### Problem description
Output, word for word, the line that contains "Frightened Woman on Bed Drawing by CSA Images" and all lines following it to the end of the listing. Drop the pictures.

◇ ◇ ◇ ◇

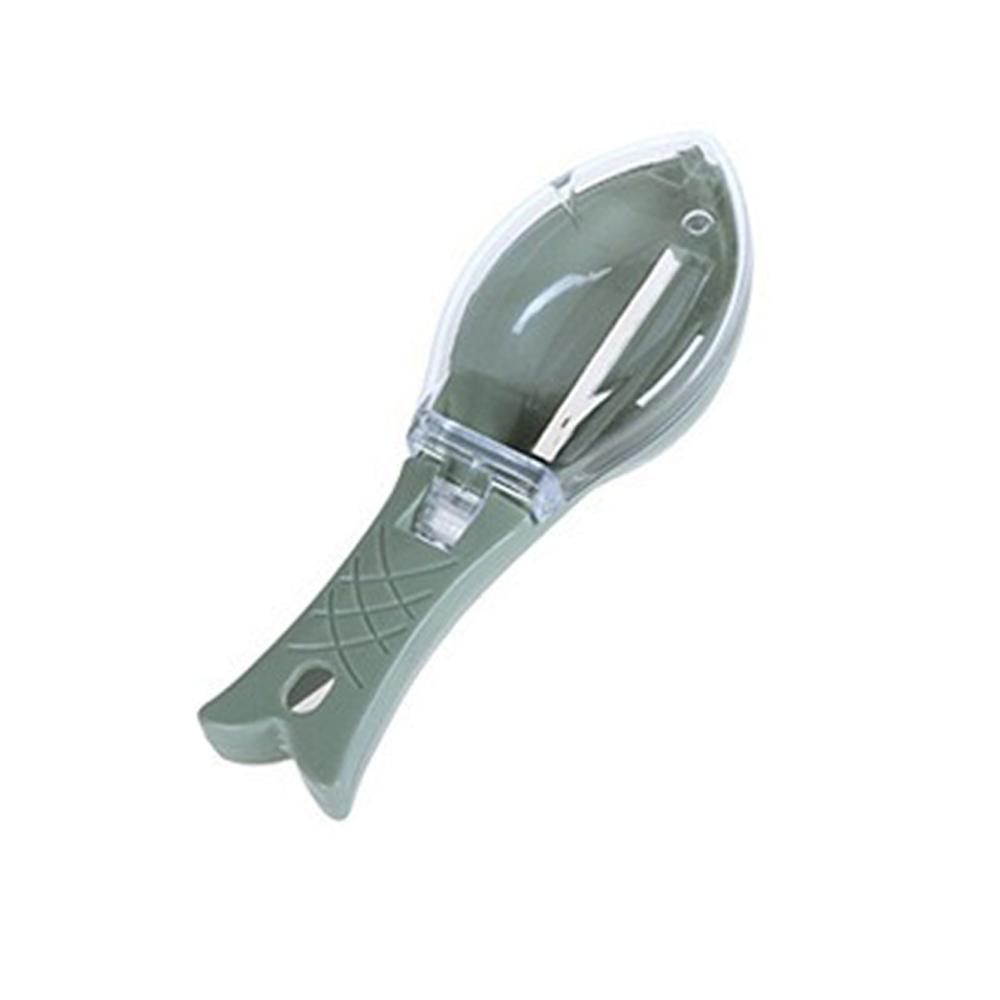 1pc Fish Scale Scraper With Lid Kitchen Household Plastic Fish Scale Scraper Manual Descaling Brushing Tool for Cleaning Fish
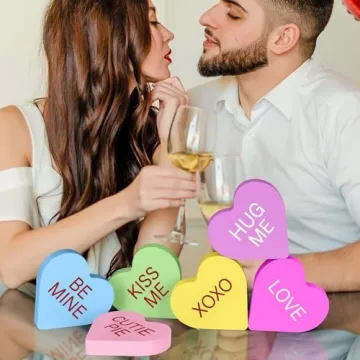 Colorful Wooden Heart Decorations for Valentine's Day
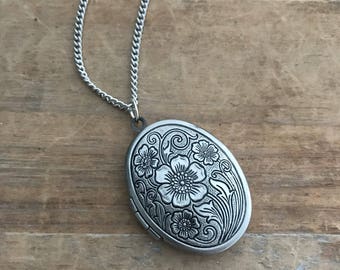 Silver Picture Locket Necklace Pendant - Vintage Style Engraved Floral ----Includes Ball Chain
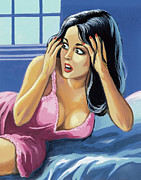Frightened Woman on Bed Drawing by CSA Images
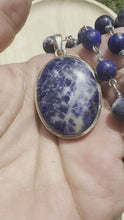 Load and play video in Gallery viewer, Sodalite Wire Necklace With Lapis Lazuli.
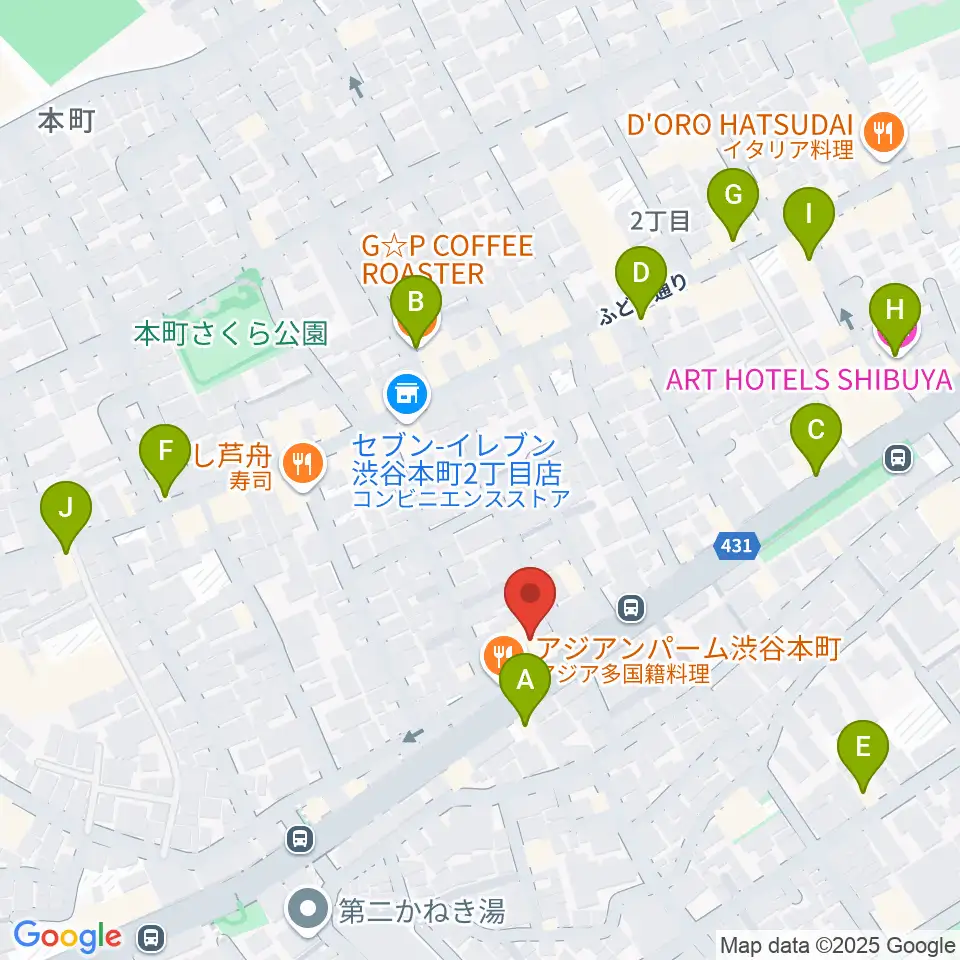 リリカアートスクール周辺のカフェ一覧地図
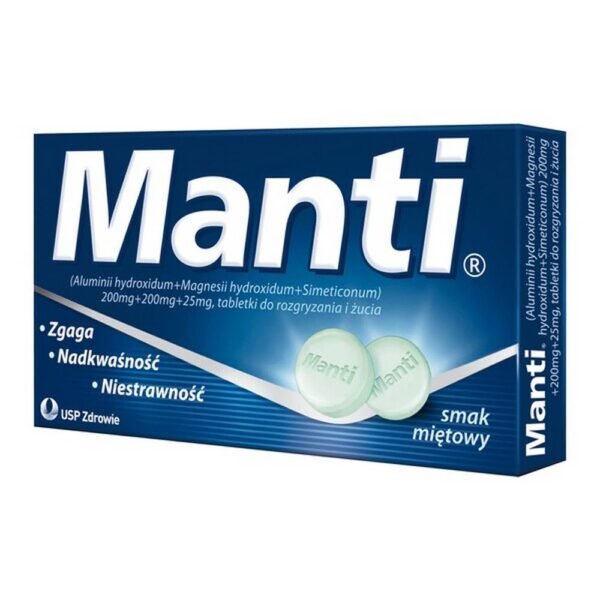 Manti is an antacid. It is used in the case of digestive problems such as heartburn, hyperacidity, flatulence.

◇ ◇ ◇ ◇

### Task solution
Frightened Woman on Bed Drawing by CSA Images
 Load and play video in Gallery viewer, Sodalite Wire Necklace With Lapis Lazuli.
 リリカアートスクール周辺のカフェ一覧地図
 Manti is an antacid. It is used in the case of digestive problems such as heartburn, hyperacidity, flatulence.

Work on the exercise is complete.